Until 1925, when the liberal economist Alberto de' Stefani, although a former member of the squadristi, was removed from his post as Minister of Economics (1922–1925), Italy's coalition government was able to restart the economy and balanced the national budget. Stefani developed economic policies that were aligned with classical liberalism principles as inheritance, luxury and foreign capital taxes were abolished; and life insurance (1923) and the state communications monopolies were privatised and so on. During Italy's coalition government era, pro-business policies apparently did not contradict the State's financing of banks and industry. Political scientist Franklin Hugh Adler referred to this coalition period between Mussolini's appointment as prime minister on 31 October 1922 and his 1925 dictatorship as "Liberal-Fascism, a hybrid, unstable, and transitory regime type under which the formal juridical-institutional framework of the liberal regime was conserved", which still allowed pluralism, competitive elections, freedom of the press and the right of trade unions to strike. Liberal Party leaders and industrialists thought that they could neutralize Mussolini by making him the head of a coalition government, where as Luigi Albertini remarked that "he will be much more subject to influence".

One of Prime Minister Mussolini's first acts was the 400-million-lira financing of Gio. Ansaldo & C., one of the country's most important engineering companies. Subsequent to the 1926 deflation crisis, banks such as the Banco di Roma (Bank of Rome), the Banco di Napoli (Bank of Naples) and the Banco di Sicilia (Bank of Sicily) also were state-financed. In 1924, a private business enterprise established Unione Radiofonica Italiana (URI) as part of the Marconi company, to which the Italian fascist Government granted official radio-broadcast monopoly. After the defeat of fascism in 1944, URI became Radio Audizioni Italiane (RAI) and was renamed RAI — Radiotelevisione Italiana with the advent of television in 1954.
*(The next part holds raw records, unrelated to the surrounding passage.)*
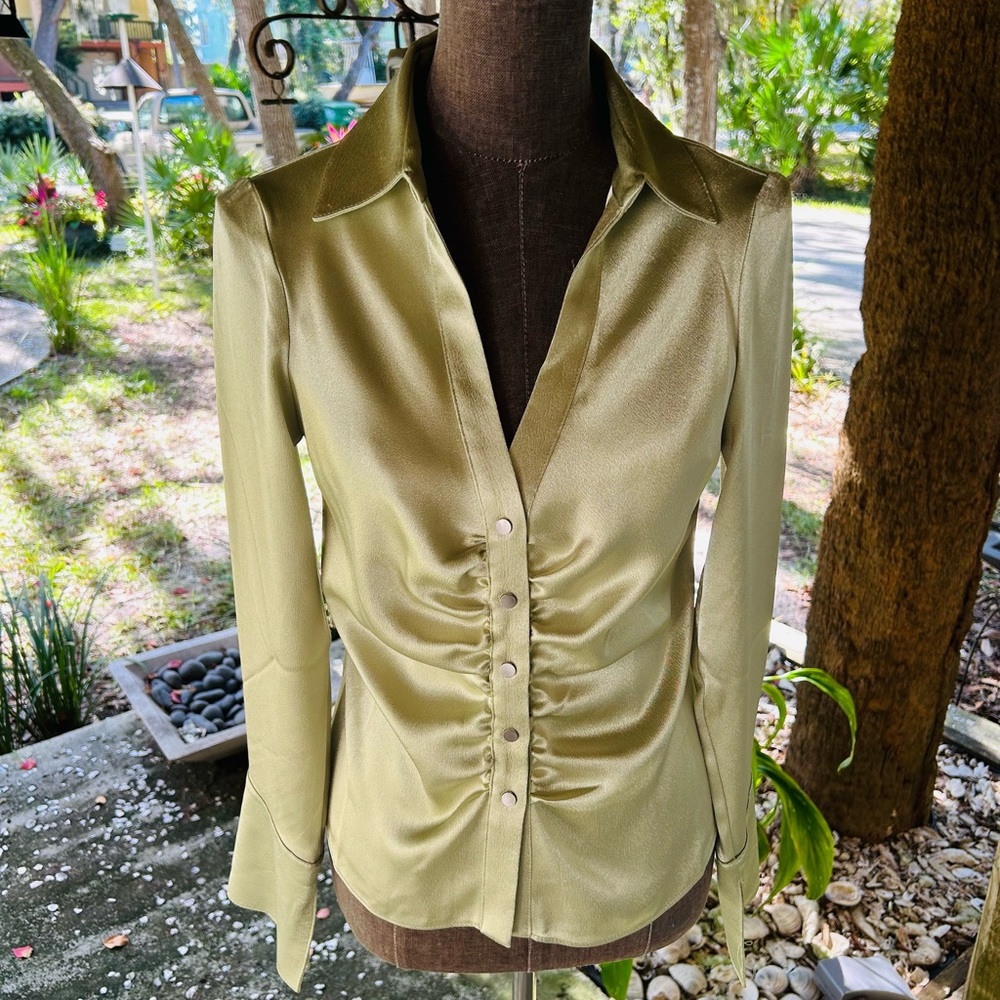 Topshop ruched silk like blouse is a beautiful lime green.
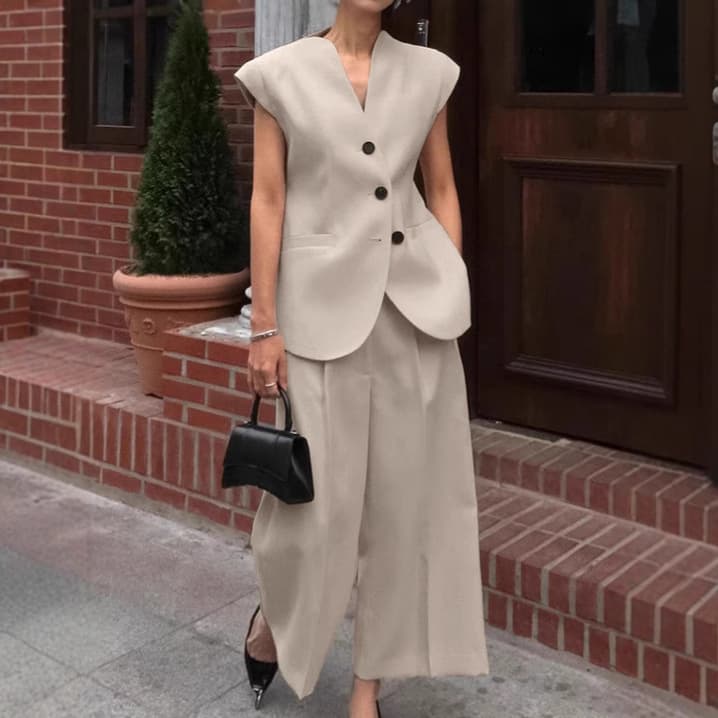 Women's Clothing Fashion Khaki Waistcoat Vest Wide Leg Pants Two piece Suit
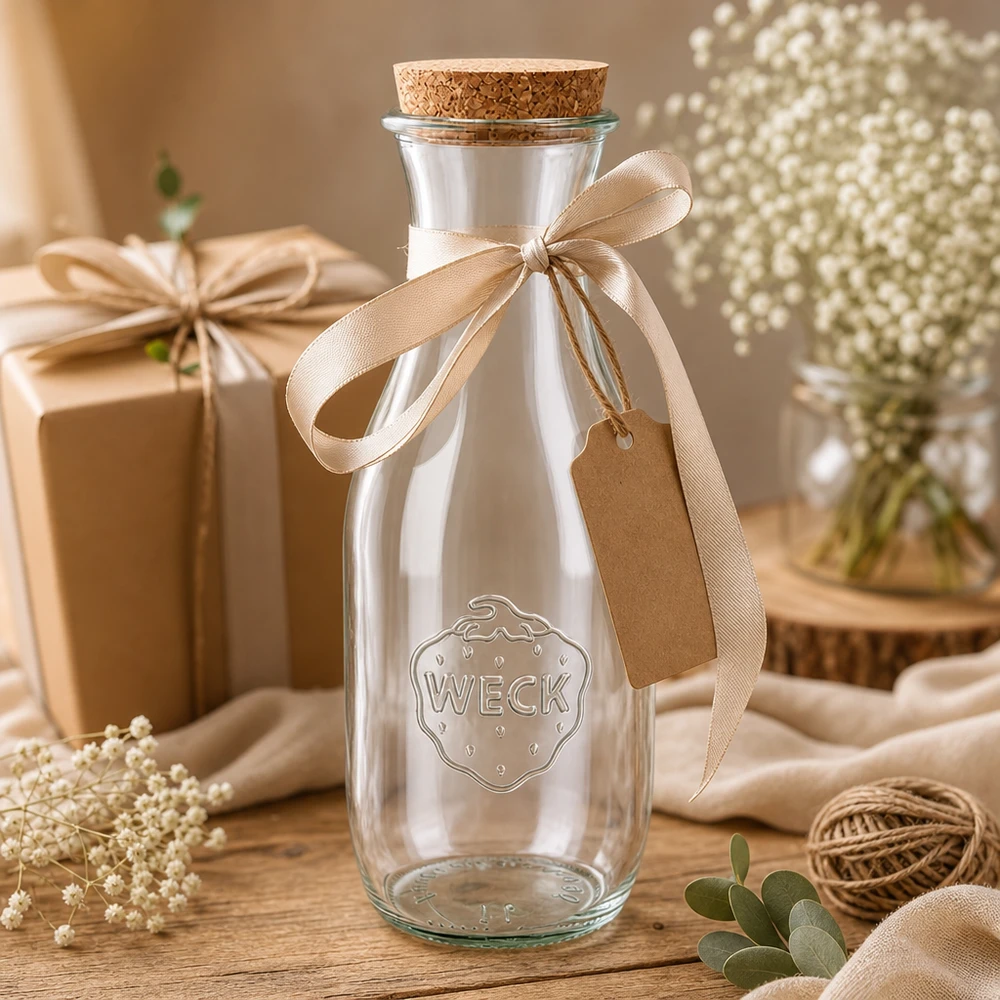 WECK Glasflasche 1062ml als Geschenk dekoriert mit beiger Schleife und Anhänger neben Schleierkraut und Geschenkbox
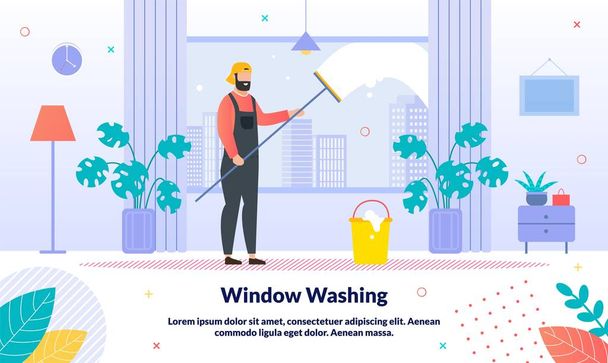 Bannière vectorielle de service de lavage professionnel de Windows
 - Vecteur, image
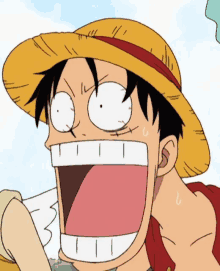 luffy from one piece making a surprised face with his mouth wide open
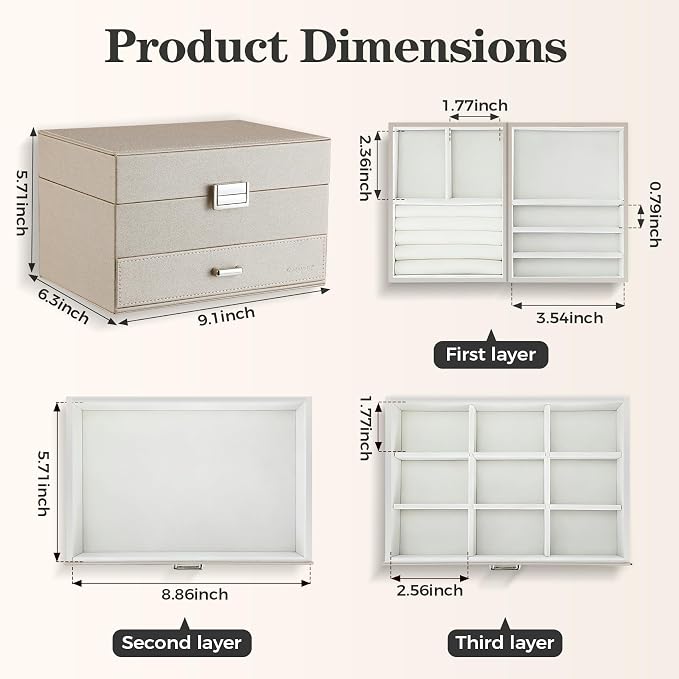 Dajasan Jewelry Organizer Box, Large Jewelry Boxes for Women Girls, Space-Saving 3 Layers Jewelry Storage Case with Drawer, Movable Metal Stand, Modern, Gift Idea (Champagne)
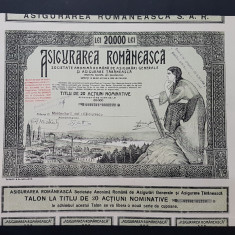 Actiune 1937 Asigurarea romaneasca , titlu de 20 actiuni nominative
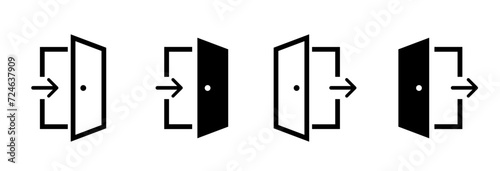 Exit and entry icon set. Open the door icon. Exit and entrance icons set isolated. Vector illustration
Given the overwhelmingly rural nature of Italian economy in the period, agriculture was vital to fascist economic policies and propaganda. To strengthen the domestic Italian production of grain, the fascist Government established in 1925 protectionist policies that ultimately failed (see the Battle for Grain). 

From 1926 following the Pact of the Vidoni Palace and the Syndical Laws, business and labour were organized into 12 separate associations, outlawing or integrating all others. These organizations negotiated labour contracts on behalf of all its members with the state acting as the arbitrator. The state tended to favour big industry over small industry, commerce, banking, agriculture, labour and transport even though each sector officially had equal representation. Pricing, production and distribution practices were controlled by employer associations rather than individual firms and labour syndicates negotiated collective labour contracts binding all firms in the particular sector. Enforcement of contracts was difficult and the large bureaucracy delayed resolutions of labour disputes.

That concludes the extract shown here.